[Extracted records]
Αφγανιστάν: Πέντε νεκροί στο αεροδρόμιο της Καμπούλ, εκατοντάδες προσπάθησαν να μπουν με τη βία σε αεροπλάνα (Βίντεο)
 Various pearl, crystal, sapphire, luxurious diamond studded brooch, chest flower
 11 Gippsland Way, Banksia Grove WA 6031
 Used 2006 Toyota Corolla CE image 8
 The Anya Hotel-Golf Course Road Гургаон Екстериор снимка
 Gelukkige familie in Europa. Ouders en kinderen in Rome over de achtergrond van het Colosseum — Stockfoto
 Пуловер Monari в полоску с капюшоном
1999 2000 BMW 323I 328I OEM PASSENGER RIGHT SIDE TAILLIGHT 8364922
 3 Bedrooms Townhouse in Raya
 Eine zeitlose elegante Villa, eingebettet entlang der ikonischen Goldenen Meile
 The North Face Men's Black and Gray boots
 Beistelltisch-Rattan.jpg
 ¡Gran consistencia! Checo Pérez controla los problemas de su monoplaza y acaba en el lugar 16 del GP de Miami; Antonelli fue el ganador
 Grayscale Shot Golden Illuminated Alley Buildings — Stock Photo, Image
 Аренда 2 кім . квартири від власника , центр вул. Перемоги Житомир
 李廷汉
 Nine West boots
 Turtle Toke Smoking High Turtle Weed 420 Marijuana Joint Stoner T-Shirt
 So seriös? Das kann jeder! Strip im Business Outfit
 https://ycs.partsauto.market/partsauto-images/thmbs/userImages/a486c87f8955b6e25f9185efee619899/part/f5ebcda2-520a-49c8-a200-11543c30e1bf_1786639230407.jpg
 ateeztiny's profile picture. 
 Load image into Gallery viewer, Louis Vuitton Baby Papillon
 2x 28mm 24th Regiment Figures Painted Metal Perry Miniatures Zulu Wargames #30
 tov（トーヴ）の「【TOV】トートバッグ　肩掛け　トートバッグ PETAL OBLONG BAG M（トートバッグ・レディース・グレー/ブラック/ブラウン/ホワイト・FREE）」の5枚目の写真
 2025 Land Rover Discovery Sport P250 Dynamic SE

**Instructions to follow**
Your answer should consist only of the lines from the one with "ateeztiny's profile picture." through the end of the data above, reproduced exactly.

**Exercise output**
 ateeztiny's profile picture. 
 Load image into Gallery viewer, Louis Vuitton Baby Papillon
 2x 28mm 24th Regiment Figures Painted Metal Perry Miniatures Zulu Wargames #30
 tov（トーヴ）の「【TOV】トートバッグ　肩掛け　トートバッグ PETAL OBLONG BAG M（トートバッグ・レディース・グレー/ブラック/ブラウン/ホワイト・FREE）」の5枚目の写真
 2025 Land Rover Discovery Sport P250 Dynamic SE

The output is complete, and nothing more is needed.